__MATERIAL PROVIDED__
- - - - -

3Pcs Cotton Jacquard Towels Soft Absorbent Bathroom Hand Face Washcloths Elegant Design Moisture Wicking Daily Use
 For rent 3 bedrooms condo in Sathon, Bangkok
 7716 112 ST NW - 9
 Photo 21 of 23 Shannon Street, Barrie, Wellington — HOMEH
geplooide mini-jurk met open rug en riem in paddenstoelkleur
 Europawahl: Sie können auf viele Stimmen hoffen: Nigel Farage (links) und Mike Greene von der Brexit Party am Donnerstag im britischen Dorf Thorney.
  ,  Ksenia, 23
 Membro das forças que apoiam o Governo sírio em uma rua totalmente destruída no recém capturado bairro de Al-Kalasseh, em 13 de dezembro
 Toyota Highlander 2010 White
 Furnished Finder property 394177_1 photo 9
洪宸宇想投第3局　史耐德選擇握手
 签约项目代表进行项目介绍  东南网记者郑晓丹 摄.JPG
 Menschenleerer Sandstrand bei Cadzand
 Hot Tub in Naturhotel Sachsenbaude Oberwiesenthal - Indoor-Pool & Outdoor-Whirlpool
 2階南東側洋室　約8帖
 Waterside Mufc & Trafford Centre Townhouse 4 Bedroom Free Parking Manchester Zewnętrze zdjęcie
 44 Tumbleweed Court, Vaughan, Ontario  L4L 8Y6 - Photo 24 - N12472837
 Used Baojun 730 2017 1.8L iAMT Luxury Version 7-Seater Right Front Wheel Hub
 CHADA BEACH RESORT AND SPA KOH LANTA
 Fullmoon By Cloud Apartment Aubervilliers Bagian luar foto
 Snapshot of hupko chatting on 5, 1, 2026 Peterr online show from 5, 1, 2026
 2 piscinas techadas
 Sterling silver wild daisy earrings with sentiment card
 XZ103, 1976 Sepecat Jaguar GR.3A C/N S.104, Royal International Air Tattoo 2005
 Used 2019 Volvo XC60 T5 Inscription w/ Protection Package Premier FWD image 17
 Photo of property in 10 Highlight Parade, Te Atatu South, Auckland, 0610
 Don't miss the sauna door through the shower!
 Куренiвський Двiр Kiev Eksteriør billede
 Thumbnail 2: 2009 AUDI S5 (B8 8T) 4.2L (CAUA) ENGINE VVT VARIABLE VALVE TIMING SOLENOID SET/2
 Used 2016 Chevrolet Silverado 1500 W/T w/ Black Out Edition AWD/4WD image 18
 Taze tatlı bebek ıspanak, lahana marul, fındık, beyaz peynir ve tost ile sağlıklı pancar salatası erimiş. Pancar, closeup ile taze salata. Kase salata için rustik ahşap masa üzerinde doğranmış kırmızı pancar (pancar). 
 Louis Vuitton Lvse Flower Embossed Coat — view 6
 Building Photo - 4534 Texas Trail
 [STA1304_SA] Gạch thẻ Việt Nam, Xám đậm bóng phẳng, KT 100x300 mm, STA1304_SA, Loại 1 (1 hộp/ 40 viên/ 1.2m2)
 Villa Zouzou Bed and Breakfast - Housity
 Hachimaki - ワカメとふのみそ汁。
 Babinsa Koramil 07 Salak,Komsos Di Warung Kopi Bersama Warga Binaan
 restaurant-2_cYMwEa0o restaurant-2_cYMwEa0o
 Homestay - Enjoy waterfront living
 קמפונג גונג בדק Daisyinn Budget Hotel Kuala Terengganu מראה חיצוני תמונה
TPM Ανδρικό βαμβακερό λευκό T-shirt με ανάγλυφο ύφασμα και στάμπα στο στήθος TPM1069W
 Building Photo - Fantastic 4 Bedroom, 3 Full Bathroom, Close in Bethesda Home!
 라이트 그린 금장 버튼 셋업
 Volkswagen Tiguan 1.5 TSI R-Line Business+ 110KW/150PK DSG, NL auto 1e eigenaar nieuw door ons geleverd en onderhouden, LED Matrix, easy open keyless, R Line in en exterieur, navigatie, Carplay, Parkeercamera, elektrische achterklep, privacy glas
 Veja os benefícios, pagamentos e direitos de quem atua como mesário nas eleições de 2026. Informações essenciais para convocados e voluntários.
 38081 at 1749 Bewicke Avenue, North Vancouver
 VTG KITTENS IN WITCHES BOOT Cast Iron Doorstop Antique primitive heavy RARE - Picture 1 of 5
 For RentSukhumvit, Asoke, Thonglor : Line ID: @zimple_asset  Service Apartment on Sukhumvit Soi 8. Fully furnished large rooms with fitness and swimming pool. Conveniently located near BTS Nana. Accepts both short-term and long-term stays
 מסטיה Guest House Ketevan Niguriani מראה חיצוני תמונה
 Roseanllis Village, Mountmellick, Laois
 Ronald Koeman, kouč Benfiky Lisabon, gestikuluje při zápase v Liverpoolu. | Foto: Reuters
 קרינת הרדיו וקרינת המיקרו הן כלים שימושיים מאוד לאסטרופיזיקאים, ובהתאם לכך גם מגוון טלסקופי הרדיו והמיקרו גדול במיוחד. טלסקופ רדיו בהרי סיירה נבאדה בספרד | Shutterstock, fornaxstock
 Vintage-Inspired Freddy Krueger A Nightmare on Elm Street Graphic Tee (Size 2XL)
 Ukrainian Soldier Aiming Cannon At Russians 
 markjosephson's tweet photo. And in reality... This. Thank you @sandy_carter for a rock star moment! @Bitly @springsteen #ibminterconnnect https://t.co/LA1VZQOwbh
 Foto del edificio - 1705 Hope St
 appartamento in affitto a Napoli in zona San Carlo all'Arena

- - - - -

__ACTION ITEM__
Above are the records. Print exactly, and only, the lines from the line with "For rent 3 bedrooms condo in Sathon, Bangkok" to the line with "Photo of property", both inclusive.

__YOUR SOLUTION__
 For rent 3 bedrooms condo in Sathon, Bangkok
 7716 112 ST NW - 9
 Photo 21 of 23 Shannon Street, Barrie, Wellington — HOMEH
geplooide mini-jurk met open rug en riem in paddenstoelkleur
 Europawahl: Sie können auf viele Stimmen hoffen: Nigel Farage (links) und Mike Greene von der Brexit Party am Donnerstag im britischen Dorf Thorney.
  ,  Ksenia, 23
 Membro das forças que apoiam o Governo sírio em uma rua totalmente destruída no recém capturado bairro de Al-Kalasseh, em 13 de dezembro
 Toyota Highlander 2010 White
 Furnished Finder property 394177_1 photo 9
洪宸宇想投第3局　史耐德選擇握手
 签约项目代表进行项目介绍  东南网记者郑晓丹 摄.JPG
 Menschenleerer Sandstrand bei Cadzand
 Hot Tub in Naturhotel Sachsenbaude Oberwiesenthal - Indoor-Pool & Outdoor-Whirlpool
 2階南東側洋室　約8帖
 Waterside Mufc & Trafford Centre Townhouse 4 Bedroom Free Parking Manchester Zewnętrze zdjęcie
 44 Tumbleweed Court, Vaughan, Ontario  L4L 8Y6 - Photo 24 - N12472837
 Used Baojun 730 2017 1.8L iAMT Luxury Version 7-Seater Right Front Wheel Hub
 CHADA BEACH RESORT AND SPA KOH LANTA
 Fullmoon By Cloud Apartment Aubervilliers Bagian luar foto
 Snapshot of hupko chatting on 5, 1, 2026 Peterr online show from 5, 1, 2026
 2 piscinas techadas
 Sterling silver wild daisy earrings with sentiment card
 XZ103, 1976 Sepecat Jaguar GR.3A C/N S.104, Royal International Air Tattoo 2005
 Used 2019 Volvo XC60 T5 Inscription w/ Protection Package Premier FWD image 17
 Photo of property in 10 Highlight Parade, Te Atatu South, Auckland, 0610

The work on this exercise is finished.